A weak pointer is said to be full if it points to a value, empty if the value was erased by the GC.

Notes:

-Integers are not allocated and cannot be stored in weak arrays.

-Weak arrays cannot be marshaled using **output_value** nor the functions of the **Marshal** module.

*val create* : **int -> 'a t**

**Weak.create n** returns a new weak array of length **n** . All the pointers are initially empty.

**Raises Invalid_argument** if **n** is not comprised between zero and **Obj.Ephemeron.max_ephe_length** (limits included).

*val length* : **'a t -> int**

**Weak.length ar** returns the length (number of elements) of **ar** .

*val set* : **'a t -> int -> 'a option -> unit**

**Weak.set ar n (Some el)** sets the **n** th cell of **ar** to be a (full) pointer to **el** ; **Weak.set ar n None** sets the **n** th cell of **ar** to empty.

**Raises Invalid_argument** if **n** is not in the range 0 to **Weak.length ar - 1** .

*val get* : **'a t -> int -> 'a option**

**Weak.get ar n** returns None if the **n** th cell of **ar** is empty, **Some x** (where **x** is the value) if it is full.

**Raises Invalid_argument** if **n** is not in the range 0 to **Weak.length ar - 1** .

*val get_copy* : **'a t -> int -> 'a option**

**Weak.get_copy ar n** returns None if the **n** th cell of **ar** is empty, **Some x** (where **x** is a (shallow) copy of the value) if it is full. In addition to pitfalls with mutable values, the interesting difference with **get** is that **get_copy** does not prevent the incremental GC from erasing the value in its current cycle ( **get** may delay the erasure to the next GC cycle).

**Raises Invalid_argument** if **n** is not in the range 0 to **Weak.length ar - 1** .

If the element is a custom block it is not copied.

*val check* : **'a t -> int -> bool**

**Weak.check ar n** returns **true** if the **n** th cell of **ar** is full, **false** if it is empty. Note that even if **Weak.check ar n** returns **true** , a subsequent **Weak.get ar n** can return **None** .

**Raises Invalid_argument** if **n** is not in the range 0 to **Weak.length ar - 1** .

*val fill* : **'a t -> int -> int -> 'a option -> unit**

**Weak.fill ar ofs len el** sets to **el** all pointers of **ar** from **ofs** to **ofs + len - 1** .

**Raises Invalid_argument** if **ofs** and **len** do not designate a valid subarray of **ar** .

*val blit* : **'a t -> int -> 'a t -> int -> int -> unit**

**Weak.blit ar1 off1 ar2 off2 len** copies **len** weak pointers from **ar1** (starting at **off1** ) to **ar2** (starting at **off2** ). It works correctly even if **ar1** and **ar2** are the same.

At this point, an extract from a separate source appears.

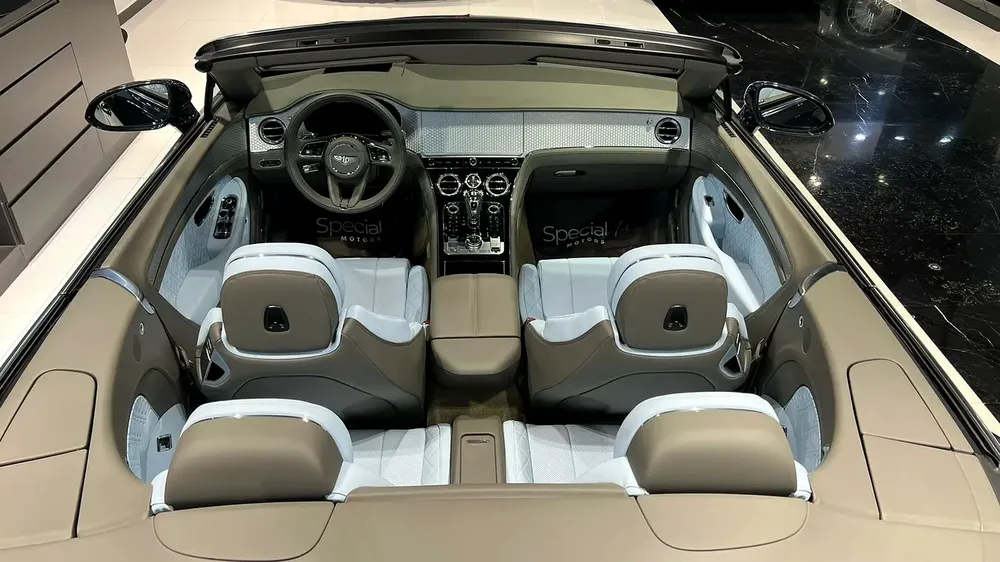 BENTLEY CONTINENTAL GTC SPEED | W12 | 2022 | 1 OUT OF 20 CARS / WARRANTY N SERVICE AVAILABLE - Image 11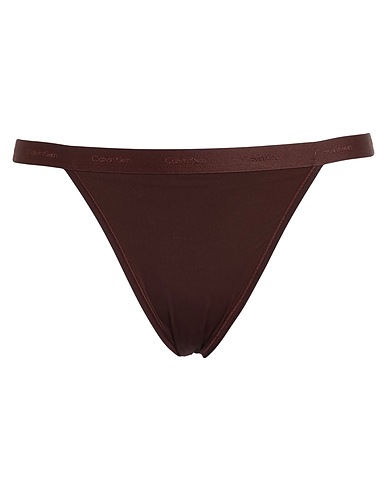 CALVIN KLEIN UNDERWEAR Slip Braun 81% Lycra®, 19% Elastan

**Raises Invalid_argument** if **off1** and **len** do not designate a valid subarray of **ar1** , or if **off2** and **len** do not designate a valid subarray of **ar2** .

### Weak hash sets

A weak hash set is a hashed set of values. Each value may magically disappear from the set when it is not used by the rest of the program any more. This is normally used to share data structures without inducing memory leaks. Weak hash sets are defined on values from a **Hashtbl.HashedType** module; the **equal** relation and **hash** function are taken from that module. We will say that **v** is an instance of **x** if **equal x v** is **true** .

The **equal** relation must be able to work on a shallow copy of the values and give the same result as with the values themselves.

Unsynchronized accesses

Unsynchronized accesses to weak hash sets are a programming error. Unsynchronized accesses to a weak hash set may lead to an invalid weak hash set state. Thus, concurrent accesses to weak hash sets must be synchronized (for instance with a **Mutex.t** ).

*module type S =* **sig end**

The output signature of the functor **Weak.Make** .

*module Make :* **functor (H : Hashtbl.HashedType) -> sig end**

Functor building an implementation of the weak hash set structure. **H.equal** can't be the physical equality, since only shallow copies of the elements in the set are given to it.